Ai tempi delle telecronache di Milano chiama e Napoli (quello di Maradona) risponde, Luigi Necco avrebbe agitato le dita nell'aria e con un sorriso sornione sottolineato così il dualismo, la concorrenza, la corsa al titolo tra due degli avversari di sempre della Champions, Lione Messi e Cristiano Ronaldo. Il Barcellona e il Real Madrid. L'uno è rimasto, l'altro è franato su sé stesso dopo la diaspora del campione portoghese passato alla Juventus e con i bianconeri protagonista dell'ennesima notte magica della Champions. La Coppa è il suo territorio di caccia, la sua dimensione, il palcoscenico ideale per esaltarsi quando la situazione chiede che i ‘duri comincino a ballare'. CR7 ha schiantato l'Atletico e lanciato il guanto di sfida: dopo aver vinto tutto in blancos adesso vuole farlo anche a Torino.

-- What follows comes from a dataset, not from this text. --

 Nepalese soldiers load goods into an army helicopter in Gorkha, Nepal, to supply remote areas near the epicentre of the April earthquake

Quattro inglesi e la variabile blaugrana con Ajax e Porto a fare da mine vaganti/sorprese di questa edizione del Trofeo: il programma dei quarti di finale si annuncia interessante, soprattutto adesso la Champions entra nel vivo. Due gol e due assist sono il bigliettino da visita del 10 argentino che ha lasciato la firma in calce alla ‘manita' rifilata al Lione al Camp Nou e lanciato un'occhiata alle prossime/possibili avversarie.

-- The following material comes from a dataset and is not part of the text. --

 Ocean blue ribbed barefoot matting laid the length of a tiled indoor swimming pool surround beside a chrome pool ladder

Quello che hanno fatto Cristiano Ronaldo e la Juventus è stato impressionante – ha ammesso a Sky Sport -. Il risultato mi ha sorpreso molto perché mi aspettavo un Atletico più forte, ma la Juve è stata superiore e Cristiano ha avuto una notte magica.

La domanda dalle cento pistole è la più classica: quale squadra vorrebbe evitare nel sorteggio che avverrà venerdì alle 12 a Nyon? Risposte diplomatiche a parte del tipo ‘a questo punto sono tutte forti', Messi non si sottrae al gioco.

Manchester City e Juventus sono grandi squadre, l'Ajax è un'ottima squadra fatta di gente giovane – ha aggiunto la Pulce -. Ma sarà comunque difficile qualunque sarà l'avversario estratto… la parte più difficile viene adesso.